Beberapa perbedaan pendekatan konvensional dengan sistem pasar secara sederhana misalnya (1) apabila pendekatan konvensional Intervensi ditentukan secara top-down oleh program atau bottom-up oleh fasilitator dan kelompok sasaran sedangkan sistem pasar intervensinya direncanakan dari awal melibatkan Mitra Swasta (off-takers) dengan berbagai dukungan para pihak yang mempunyai kepentingan terhadap pengembangan BUM Desa. (2) kebiasaan pendekatan konvensional memberikan bantuan langsung untuk mengatasi permasalahan kelompok sasaran (direct delivery atau direct intervention), sedangkan pendekatan pasar lebih kepada menciptakan model bisnis yang menjawab akar penyebab pada fungsi rantai nilai, pendukung dan lingkungan bisnis.(3) pendekatan konvensional memberikan bantuan langsung bersifat generik berupa modal kerja, investasi fisik (infrastruktur, peralatan) atau pelatihan, sedangkan pendekatan pasar lebih memberikan dukungan spesifik sesuai kebutuhan pengembangan model bisnis, misalnya temu usaha untuk pembentukan jejaring rantai pasok, pengenalan Sistem Operaional Prosedur,fasilitasi pendanaan oleh lembaga keuangan. (4) kebersinambungan Pendekatan konvensional solusinya bergantung pada pemberian bantuan langsung yang didanai Pemerintah, sedangkan pendekatan pasar kesinambungan solusi dijamin oleh model bisnis yang saling menguntungkan secara komersiil.

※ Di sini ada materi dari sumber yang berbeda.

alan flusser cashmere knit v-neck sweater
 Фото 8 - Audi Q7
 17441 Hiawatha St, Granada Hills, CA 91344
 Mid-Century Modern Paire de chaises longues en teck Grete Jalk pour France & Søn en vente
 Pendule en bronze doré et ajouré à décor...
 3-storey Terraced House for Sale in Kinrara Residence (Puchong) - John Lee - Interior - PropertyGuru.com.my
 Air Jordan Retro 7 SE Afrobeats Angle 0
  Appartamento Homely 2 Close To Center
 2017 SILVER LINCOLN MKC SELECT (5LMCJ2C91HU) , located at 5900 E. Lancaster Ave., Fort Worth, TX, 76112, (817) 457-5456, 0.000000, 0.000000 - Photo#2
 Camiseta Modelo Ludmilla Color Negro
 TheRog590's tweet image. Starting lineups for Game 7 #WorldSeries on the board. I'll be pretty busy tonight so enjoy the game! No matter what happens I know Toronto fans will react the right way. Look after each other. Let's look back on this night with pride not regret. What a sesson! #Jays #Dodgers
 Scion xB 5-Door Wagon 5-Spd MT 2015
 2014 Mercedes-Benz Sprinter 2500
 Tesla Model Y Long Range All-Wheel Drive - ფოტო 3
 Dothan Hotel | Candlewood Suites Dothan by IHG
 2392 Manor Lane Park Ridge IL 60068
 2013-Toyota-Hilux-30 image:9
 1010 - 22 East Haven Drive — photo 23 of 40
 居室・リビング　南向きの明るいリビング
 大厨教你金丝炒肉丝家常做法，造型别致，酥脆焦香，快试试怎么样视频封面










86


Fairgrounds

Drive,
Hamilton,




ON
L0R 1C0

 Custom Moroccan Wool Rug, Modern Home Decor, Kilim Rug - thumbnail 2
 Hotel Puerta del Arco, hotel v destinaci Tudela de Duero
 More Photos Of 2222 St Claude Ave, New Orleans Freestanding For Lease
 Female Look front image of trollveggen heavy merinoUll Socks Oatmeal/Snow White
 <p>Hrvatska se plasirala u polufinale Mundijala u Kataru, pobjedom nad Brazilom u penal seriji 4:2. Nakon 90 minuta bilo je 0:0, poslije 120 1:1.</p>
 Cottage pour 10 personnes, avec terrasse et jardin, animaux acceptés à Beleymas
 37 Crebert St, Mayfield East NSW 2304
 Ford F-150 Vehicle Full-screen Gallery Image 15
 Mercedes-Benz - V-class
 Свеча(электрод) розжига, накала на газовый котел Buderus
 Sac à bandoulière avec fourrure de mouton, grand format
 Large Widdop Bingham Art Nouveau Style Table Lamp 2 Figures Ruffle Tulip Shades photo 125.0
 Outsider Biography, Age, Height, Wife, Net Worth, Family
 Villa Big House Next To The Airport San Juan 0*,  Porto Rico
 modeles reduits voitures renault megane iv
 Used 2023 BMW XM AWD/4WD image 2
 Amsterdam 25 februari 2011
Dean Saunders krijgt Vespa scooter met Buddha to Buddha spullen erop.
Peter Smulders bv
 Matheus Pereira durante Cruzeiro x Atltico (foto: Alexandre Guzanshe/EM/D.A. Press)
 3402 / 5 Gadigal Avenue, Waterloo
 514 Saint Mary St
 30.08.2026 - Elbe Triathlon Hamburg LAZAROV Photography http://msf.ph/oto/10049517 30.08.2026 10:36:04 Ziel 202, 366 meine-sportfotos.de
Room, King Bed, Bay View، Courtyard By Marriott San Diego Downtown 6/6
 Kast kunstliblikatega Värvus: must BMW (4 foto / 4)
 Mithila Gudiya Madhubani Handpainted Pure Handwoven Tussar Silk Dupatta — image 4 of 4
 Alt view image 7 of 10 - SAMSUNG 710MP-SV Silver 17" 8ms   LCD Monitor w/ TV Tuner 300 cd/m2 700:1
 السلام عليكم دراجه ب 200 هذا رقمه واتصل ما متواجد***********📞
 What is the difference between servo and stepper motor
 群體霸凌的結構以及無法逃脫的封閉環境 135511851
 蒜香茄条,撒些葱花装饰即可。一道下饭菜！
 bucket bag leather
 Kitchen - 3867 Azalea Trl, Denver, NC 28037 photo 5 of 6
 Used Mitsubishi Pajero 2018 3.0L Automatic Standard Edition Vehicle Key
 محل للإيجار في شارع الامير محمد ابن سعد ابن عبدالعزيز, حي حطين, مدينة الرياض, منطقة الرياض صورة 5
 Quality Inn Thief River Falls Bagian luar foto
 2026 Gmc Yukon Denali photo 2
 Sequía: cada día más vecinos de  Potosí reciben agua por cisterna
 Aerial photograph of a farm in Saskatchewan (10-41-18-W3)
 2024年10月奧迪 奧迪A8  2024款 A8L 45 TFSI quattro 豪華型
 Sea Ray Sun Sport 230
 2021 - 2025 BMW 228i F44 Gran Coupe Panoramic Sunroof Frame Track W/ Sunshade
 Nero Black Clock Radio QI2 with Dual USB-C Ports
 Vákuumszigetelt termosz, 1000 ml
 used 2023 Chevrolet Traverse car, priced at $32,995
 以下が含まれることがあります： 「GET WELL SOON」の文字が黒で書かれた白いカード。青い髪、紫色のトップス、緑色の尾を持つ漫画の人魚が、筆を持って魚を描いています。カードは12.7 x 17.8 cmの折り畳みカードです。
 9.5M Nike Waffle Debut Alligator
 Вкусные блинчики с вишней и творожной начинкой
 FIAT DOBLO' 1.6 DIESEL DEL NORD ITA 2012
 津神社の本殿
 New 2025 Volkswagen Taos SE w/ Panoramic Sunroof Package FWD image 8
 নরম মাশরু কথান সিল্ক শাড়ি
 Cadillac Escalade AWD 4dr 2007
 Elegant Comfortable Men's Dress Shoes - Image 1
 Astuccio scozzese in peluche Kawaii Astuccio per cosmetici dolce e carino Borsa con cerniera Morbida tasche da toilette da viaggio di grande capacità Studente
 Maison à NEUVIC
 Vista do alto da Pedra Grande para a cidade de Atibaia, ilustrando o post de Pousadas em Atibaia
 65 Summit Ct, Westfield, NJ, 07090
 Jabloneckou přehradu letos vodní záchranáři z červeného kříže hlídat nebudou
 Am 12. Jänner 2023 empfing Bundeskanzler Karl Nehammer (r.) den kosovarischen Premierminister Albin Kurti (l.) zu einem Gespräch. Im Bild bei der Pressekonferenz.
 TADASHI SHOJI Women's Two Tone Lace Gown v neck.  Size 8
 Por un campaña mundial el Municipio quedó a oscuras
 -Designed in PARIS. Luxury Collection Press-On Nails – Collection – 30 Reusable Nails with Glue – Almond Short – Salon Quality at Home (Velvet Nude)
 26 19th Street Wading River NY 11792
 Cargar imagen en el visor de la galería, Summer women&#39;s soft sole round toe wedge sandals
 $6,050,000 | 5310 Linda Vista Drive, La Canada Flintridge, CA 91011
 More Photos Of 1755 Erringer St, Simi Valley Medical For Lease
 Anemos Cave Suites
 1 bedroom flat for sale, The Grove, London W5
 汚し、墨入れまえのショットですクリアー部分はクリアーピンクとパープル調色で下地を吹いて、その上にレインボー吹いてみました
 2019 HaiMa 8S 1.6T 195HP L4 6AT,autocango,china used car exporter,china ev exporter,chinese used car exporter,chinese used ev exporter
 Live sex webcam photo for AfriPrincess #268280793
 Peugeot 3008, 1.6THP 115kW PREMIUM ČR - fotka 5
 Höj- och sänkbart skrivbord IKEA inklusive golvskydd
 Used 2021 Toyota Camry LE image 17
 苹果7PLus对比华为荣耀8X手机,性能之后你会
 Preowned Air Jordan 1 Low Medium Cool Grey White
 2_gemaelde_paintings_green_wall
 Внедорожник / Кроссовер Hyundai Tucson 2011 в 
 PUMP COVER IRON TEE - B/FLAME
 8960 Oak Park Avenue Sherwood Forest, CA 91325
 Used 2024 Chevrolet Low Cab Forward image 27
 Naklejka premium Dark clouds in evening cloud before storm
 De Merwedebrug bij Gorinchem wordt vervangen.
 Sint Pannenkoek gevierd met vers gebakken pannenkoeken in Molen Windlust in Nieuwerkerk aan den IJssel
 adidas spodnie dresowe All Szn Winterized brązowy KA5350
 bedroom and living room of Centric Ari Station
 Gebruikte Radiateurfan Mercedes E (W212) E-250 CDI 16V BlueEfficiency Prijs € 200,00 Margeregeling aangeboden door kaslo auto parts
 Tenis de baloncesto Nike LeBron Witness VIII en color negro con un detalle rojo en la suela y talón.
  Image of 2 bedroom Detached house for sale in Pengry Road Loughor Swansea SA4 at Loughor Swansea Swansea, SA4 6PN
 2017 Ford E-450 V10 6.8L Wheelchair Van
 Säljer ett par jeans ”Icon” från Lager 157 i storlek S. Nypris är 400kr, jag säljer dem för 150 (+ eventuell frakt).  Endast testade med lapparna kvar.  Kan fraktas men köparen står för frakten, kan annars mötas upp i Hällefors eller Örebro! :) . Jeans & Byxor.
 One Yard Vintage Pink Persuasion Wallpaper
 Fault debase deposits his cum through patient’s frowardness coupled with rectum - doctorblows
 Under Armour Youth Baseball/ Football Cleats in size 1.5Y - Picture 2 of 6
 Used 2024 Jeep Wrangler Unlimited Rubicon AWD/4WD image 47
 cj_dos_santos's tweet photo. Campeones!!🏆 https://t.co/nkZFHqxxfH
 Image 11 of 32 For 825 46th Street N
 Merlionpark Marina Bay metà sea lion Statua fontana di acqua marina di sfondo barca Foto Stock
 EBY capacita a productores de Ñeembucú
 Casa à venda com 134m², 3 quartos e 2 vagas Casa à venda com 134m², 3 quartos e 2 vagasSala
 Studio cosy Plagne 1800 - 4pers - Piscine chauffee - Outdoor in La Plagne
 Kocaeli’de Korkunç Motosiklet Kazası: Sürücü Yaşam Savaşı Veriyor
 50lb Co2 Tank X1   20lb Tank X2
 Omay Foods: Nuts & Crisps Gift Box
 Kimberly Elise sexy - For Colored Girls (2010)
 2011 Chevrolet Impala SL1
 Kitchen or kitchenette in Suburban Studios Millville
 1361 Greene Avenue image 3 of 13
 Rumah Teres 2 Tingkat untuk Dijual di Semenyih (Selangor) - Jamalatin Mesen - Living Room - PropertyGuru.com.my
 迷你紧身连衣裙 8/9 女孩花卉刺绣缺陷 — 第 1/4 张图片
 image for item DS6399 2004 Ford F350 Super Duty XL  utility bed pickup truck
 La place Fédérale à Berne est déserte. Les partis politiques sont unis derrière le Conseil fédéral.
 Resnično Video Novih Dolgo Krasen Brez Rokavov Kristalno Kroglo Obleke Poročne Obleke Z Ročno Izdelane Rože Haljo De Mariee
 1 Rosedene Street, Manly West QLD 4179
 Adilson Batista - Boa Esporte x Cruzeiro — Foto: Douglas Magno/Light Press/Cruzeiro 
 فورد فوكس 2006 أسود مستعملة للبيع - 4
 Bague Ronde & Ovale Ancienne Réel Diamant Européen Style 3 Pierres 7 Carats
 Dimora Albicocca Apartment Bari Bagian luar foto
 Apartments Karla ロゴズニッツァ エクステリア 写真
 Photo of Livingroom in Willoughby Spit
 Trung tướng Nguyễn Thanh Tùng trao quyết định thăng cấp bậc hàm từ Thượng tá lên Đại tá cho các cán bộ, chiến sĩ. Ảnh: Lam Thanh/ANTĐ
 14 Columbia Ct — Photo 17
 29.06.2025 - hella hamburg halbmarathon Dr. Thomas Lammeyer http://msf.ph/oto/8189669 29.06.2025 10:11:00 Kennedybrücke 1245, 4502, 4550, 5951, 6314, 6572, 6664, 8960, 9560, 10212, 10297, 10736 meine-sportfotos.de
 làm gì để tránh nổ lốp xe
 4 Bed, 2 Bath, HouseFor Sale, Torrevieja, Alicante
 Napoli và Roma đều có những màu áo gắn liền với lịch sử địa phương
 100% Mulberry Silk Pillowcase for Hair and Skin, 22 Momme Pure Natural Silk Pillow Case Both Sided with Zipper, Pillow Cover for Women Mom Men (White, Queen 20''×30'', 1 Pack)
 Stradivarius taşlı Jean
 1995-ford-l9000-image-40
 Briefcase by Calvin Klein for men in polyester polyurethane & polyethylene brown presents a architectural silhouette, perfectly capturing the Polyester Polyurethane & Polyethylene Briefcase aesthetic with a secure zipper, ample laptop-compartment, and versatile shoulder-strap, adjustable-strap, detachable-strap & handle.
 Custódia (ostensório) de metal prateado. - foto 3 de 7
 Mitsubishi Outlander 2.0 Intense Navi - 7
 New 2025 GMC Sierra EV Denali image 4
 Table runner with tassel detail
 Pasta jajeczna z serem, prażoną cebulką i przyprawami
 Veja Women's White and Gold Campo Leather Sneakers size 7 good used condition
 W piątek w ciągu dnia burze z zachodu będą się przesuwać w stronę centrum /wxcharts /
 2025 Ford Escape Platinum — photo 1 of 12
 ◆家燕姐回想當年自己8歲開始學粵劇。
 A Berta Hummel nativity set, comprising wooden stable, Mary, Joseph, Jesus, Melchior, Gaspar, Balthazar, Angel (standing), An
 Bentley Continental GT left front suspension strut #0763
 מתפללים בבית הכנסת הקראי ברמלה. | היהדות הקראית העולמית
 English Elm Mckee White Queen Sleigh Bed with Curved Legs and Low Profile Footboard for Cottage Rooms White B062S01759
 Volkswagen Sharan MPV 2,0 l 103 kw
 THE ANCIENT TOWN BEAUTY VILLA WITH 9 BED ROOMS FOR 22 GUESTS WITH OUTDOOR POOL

Apabila disepakati oleh para ahli, ingin mendorong agar supaya banyak BUM Desa kategorinya naik kelas dengan menyelesaikan pekerjaan rumah terlebih dahulu melalui membangun rencana bisnis, sudah barang tentu syarat fardhu kifayahnya membangun rencana bisnis yang sesuai dengan potensi pasar dan melibatkan pelaku pasar.
Penulis : Novi Susanto, Alumni FIA UB dan Market Linkages Manager pada Program Kemitraan Indonesia Australia (KOMPAK)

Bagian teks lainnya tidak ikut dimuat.